Uma amiga me disse recentemente que estava há dias sem falar com o marido. Eles haviam discutido sobre a hora em que a filha deveria voltar para casa nos fins de semana e não conseguiram chegar a um acordo. Então, pararam de se falar. Péssima ideia. Afinal, como é possível que duas pessoas se entendam sem conversar? Essa atitude infantil só faz com que o casal passe a conviver com os problemas — o que levou àquela discussão e os demais que surgirem pelo caminho — sem nunca resolvê-los. No fundo, o casal sabe que dessa forma a pendenga não será solucionada, mas tem a ilusão de que, com o tempo, as mágoas serão esquecidas. Não serão.
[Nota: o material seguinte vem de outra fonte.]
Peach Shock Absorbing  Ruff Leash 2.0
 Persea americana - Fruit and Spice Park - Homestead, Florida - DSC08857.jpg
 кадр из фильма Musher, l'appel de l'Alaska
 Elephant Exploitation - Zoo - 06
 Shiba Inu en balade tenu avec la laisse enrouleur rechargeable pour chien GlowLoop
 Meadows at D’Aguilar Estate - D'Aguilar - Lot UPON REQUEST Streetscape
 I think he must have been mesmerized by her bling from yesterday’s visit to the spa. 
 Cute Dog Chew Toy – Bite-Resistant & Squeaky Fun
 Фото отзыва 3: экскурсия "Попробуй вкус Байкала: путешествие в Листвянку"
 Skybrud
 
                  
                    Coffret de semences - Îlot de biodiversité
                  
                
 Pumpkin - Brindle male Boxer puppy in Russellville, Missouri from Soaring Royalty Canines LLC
O que acontece é que o acúmulo de “lixo embaixo do tapete” acaba por perpetuar o desentendimento.
É incrível como são comuns os casais que inventam formas dolorosas como esta de evitar a dor. Uma outra dupla, a que atendi faz algum tempo, promovia jogo semelhante. A cada discussão, ambos logo assumiam a posição de que o outro estava errado. O foco do bate-boca deixava de ser a busca do consenso para solucionar um problema e passava a ser a disputa para saber quem estava com a razão. Armava-se então o jogo: aquele que alterasse a voz primeiro dava o primeiro lance; no lance seguinte, o outro, com o dedo em riste, dizia que ninguém podia gritar com ele daquela forma; aí, vinha o primeiro, aos gritos, dizer que não admitia que alguém apontasse o dedo para ele. A irritação aumentava de um lado e de outro até que eles passavam a se acusar mutuamente sobre brigas passadas e outros assuntos que haviam ficado sem solução. Quando estavam a ponto de perder totalmente o controle, um saía batendo a porta e deixava o outro a falar sozinho. Era o início do período de silêncio. Ficavam pelo menos uma semana sem se falar e sabiam que ao final desse período um dos dois aproveitaria uma oportunidade (visita de amigos, aniversário do filho, telefonema de alguém distante, visita do técnico da televisão) para acabar com o silêncio. Então, tudo voltava ao “normal”. Como no primeiro caso, a diferença que deu origem à briga não era resolvida.
Trata-se de jogo jogado. Eles sabem como funciona. Durante o tempo que dura o silêncio, a rotina do casal muda. Um conjunto de rituais bem conhecidos pelos dois indica para ambos que eles estão “de mal”: mudam a hora de chegar e sair de casa; um espera o outro dormir para só depois ir para a cama; eles deixam de tomar café da manhã ou de jantar só para não estarem juntos nessas horas. Ambos sabem exatamente o que vai acontecer e nenhum se propõe a mudar esse processo. O próprio jogo se torna um hábito. Destrutivo.
Suspender momentaneamente a discussão não é necessariamente ruim. Mas isso deve ser feito com o propósito de acalmar os ânimos e tornar possível que o assunto seja debatido depois, com mais ponderação e controle emocional. Essa trégua silenciosa, porém, não deveria passar de horas, quando muito um ou dois dias, sem a necessidade de mudar os hábitos e a rotina do casal. Neste caso, quando o tema da discussão for retomado, ambos estarão de fato no controle de suas emoções e a conversa seguirá um rumo mais racional, com chance de entendimento.